-- ABOUT THIS TASK --
Set down exactly the lines in the records below that run from the line with "Upholstered daybed Twin" to the line with "Abstract Artisan Copper Leather Statement Necklace - Picture", inclusive, and nothing more.

-- DATA FOR THIS EXERCISE --
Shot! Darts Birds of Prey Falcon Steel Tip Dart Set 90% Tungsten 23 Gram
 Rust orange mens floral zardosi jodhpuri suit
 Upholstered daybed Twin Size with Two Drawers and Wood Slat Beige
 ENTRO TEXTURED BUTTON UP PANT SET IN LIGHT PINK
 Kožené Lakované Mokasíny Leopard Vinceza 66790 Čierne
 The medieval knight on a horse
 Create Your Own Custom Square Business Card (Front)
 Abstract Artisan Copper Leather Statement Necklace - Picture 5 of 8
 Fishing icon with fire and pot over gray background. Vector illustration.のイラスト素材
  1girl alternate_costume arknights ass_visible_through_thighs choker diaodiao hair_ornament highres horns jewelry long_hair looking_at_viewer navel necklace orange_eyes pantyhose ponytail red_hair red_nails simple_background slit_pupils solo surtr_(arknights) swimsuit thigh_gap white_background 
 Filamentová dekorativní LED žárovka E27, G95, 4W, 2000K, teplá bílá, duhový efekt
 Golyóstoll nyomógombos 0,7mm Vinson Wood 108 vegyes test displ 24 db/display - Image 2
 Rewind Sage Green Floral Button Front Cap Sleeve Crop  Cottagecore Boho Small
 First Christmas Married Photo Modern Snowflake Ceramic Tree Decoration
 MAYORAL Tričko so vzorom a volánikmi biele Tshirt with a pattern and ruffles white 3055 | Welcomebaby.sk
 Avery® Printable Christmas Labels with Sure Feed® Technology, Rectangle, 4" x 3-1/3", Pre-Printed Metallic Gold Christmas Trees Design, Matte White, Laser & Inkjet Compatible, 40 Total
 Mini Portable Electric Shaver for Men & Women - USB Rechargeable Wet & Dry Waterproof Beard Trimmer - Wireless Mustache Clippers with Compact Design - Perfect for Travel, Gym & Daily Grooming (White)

-- RESULT OF THIS TASK --
 Upholstered daybed Twin Size with Two Drawers and Wood Slat Beige
 ENTRO TEXTURED BUTTON UP PANT SET IN LIGHT PINK
 Kožené Lakované Mokasíny Leopard Vinceza 66790 Čierne
 The medieval knight on a horse
 Create Your Own Custom Square Business Card (Front)
 Abstract Artisan Copper Leather Statement Necklace - Picture 5 of 8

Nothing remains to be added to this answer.